Similarly, the rename code above is specific and will take adding a fair amount of logic to create a generic routine -- one can select an existing sheet by name as shown and
>> sheets=Excel.Worksheets;
>> sheets.Count
ans =
2
>> sheets.Item(1).Name
ans =
'Sheet1'
>> sheets
sheets =
Interface.000208D7_0000_0000_C000_000000000046
>> sheets.Item(2).Name
ans =
'Sheet1 (2)'
>>
but one must iterate through the collection handle AFAIK; at least I've not discovered any function that will return the list of names as an array. That's the point of (and need for) the loop in the previous code to find the index to the given sheet -- to be able to have the Item() index by position instead of by string-matching.
  1 commentaire
dpb
dpb le 5 Août 2022
Modifié(e) : dpb le 6 Août 2022
https://docs.microsoft.com/en-us/office/vba/api/excel.sheets.copy is the VBA documentation; the syntax for the method is
Syntax
expression.Copy (Before, After)
expression A variable that represents a Sheets object.
Parameters
Name Required/Optional Data type Description
Before Optional Variant The sheet before which the copied sheet will be placed. You cannot specify Before if you specify After.
After Optional Variant The sheet after which the copied sheet will be placed. You cannot specify After if you specify Before.
NB: As mentioned before, with COM you can't use the named argument syntax shown in the example macro as "After:" but by the syntax list one sees that it is the second argument, the "Before:" sheet would be first. Hence the [] in the function code I posted means the sheet will be placed after the sheet that was found since the sheet being copied and the one referenced in the argument list are the same one.
One could take the second sheet and make a copy of it BEFORE the first by changing the code slightly to be
sheets=workbook.Sheets; % the sheets collection object
copySheet=sheets.Item(2); % copy second sheet
beforeSheet=sheets.Item(1); % which to use to be before/after is first
copySheet.Copy(beforeSheet,[]) % copy is before since is first positional argument
This does, in fact, work -- I just tested it on a dummy workbook.
The numbers now will change in the Count and "who's who in the zoo" so have to handle that to rename the correct one...

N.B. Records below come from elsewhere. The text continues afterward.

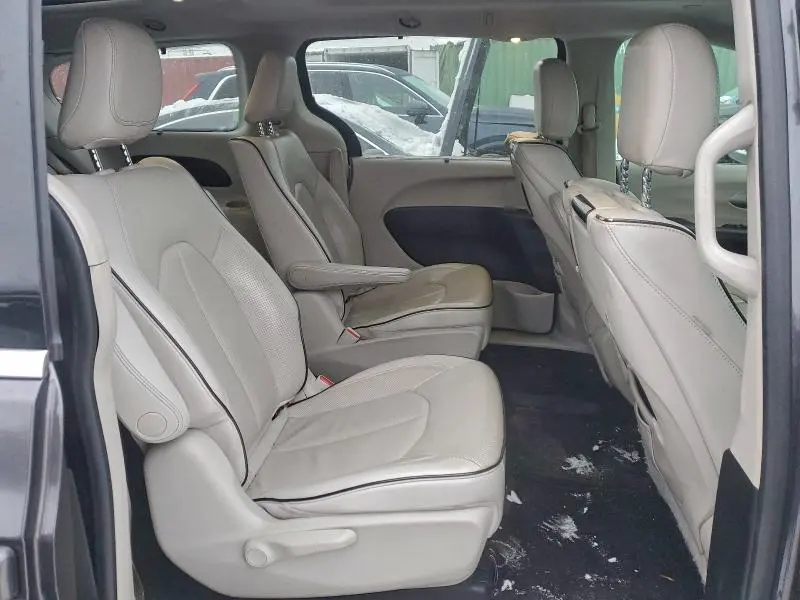 2017 CHRYSLER PACIFICA EHYBRID PLATINUM  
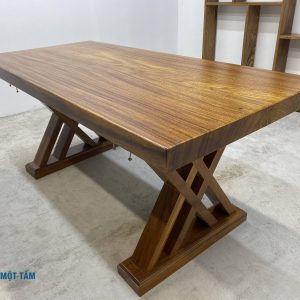 bàn gỗ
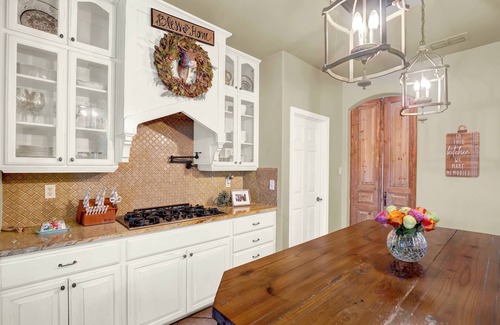 Hondo House | Luxury 4/3.5 estate with WOW backyard in the heart of Hondo TX- hunting country!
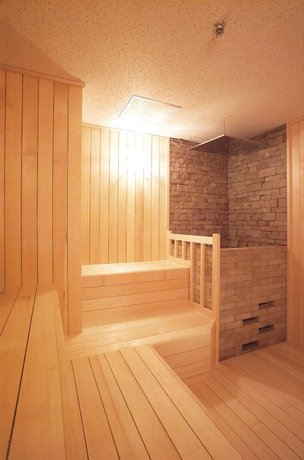 Imagen de la piscina del Hotel Utazu Grand. Foto 20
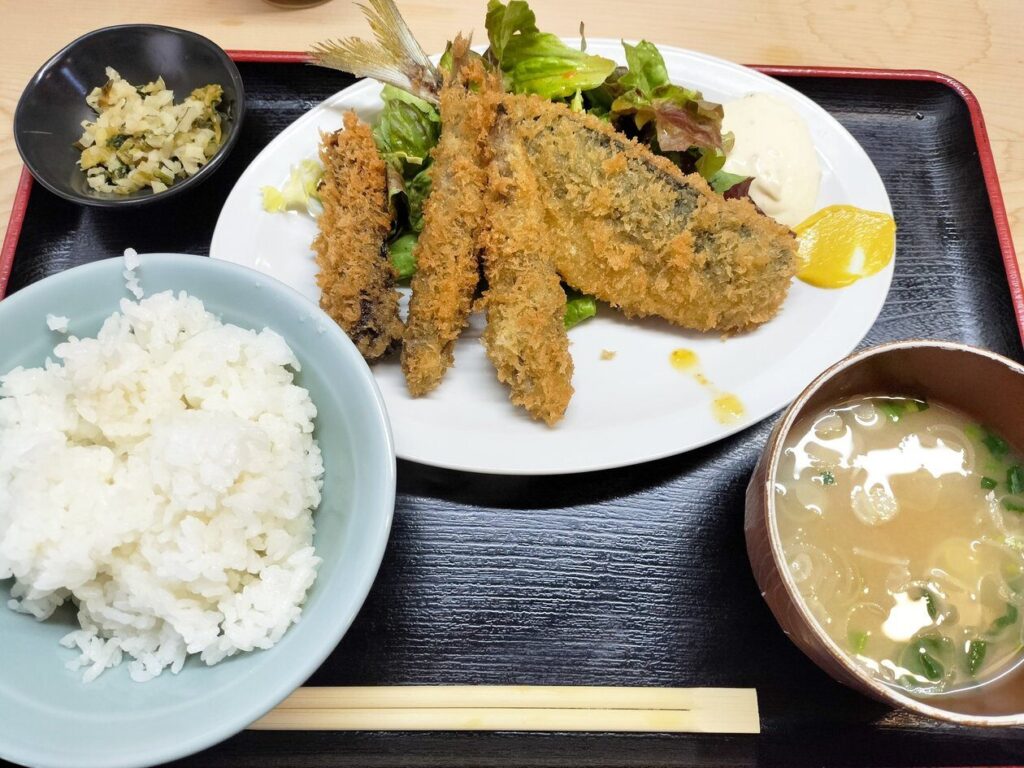 つく志さんにて魚のフライ定食をいただきました。揚げ物はもたれることがあるのですが、このフライはふわふわで、ペロリでした。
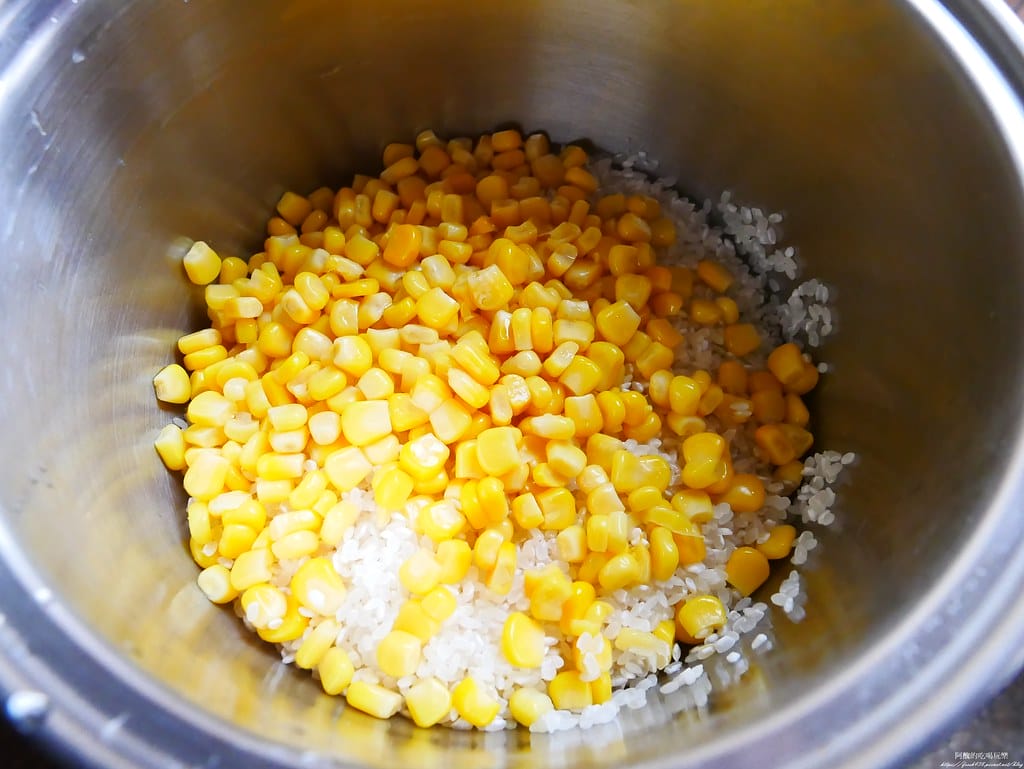 【電鍋食譜】蝦仁玉米炊飯,掌握一秘訣,蝦仁不過老,保證超好吃! - 第4張圖 P1980489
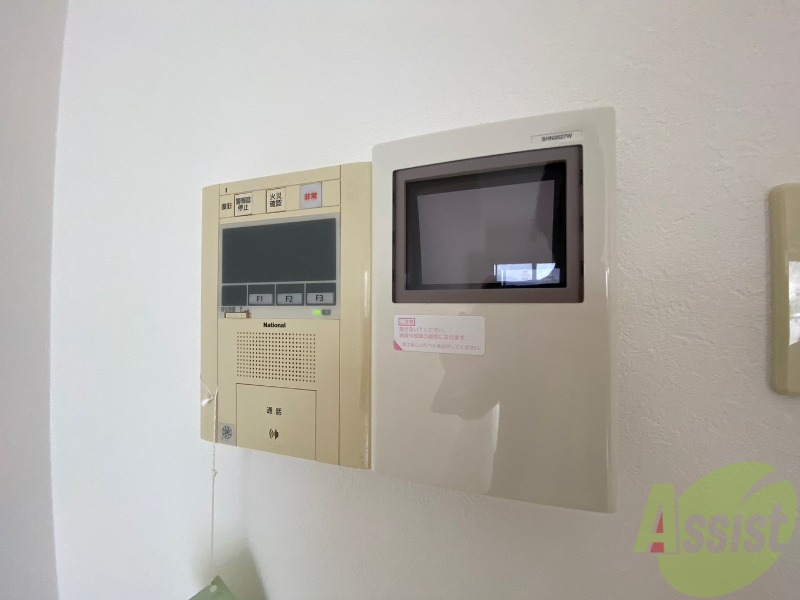 セキュリティ　ＴＶモニター付インターホンです。来客者の顔が見えるので安心！
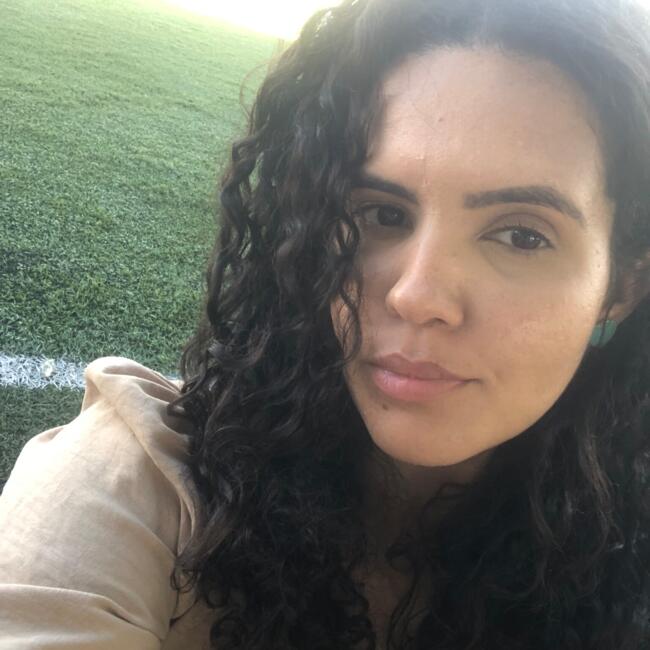 Babá em Camaçari: Luana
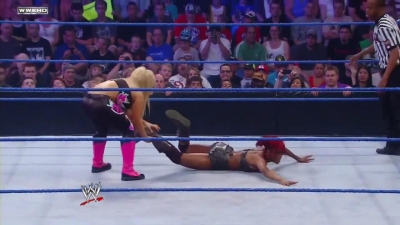 WWE_Superstars_21_7_11_-_Natalya_vs_Alicia_Fox_mp4_000132867.jpg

>> workbook = Excel.Workbooks.Open(excelFullFileName);
>> sheets=workbook.Sheets;
>> sheets.Count
ans =
3
>> for i=1:sheets.Count
sheets.Item(i).Name
end
ans =
'Sheet2 (2)'
ans =
'Sheet1'
ans =
'Sheet2'
>>
after the above where the workbook had only Sheet1, Sheet2 before...you see now that the first sheet is now second. Not sure if the previous handles still refer to the prior object or not...let's see...oh--can't test that right now because I closed the file in order to verify it did work as expected so those objects now are invalid
>> sheet
sheet =
Interface.000208D8_0000_0000_C000_000000000046
>> sheet.Name
Error: Object returned error code: 0x800A01A8
>>
the variable is still retained in memory, but it no longer is tied to anything current.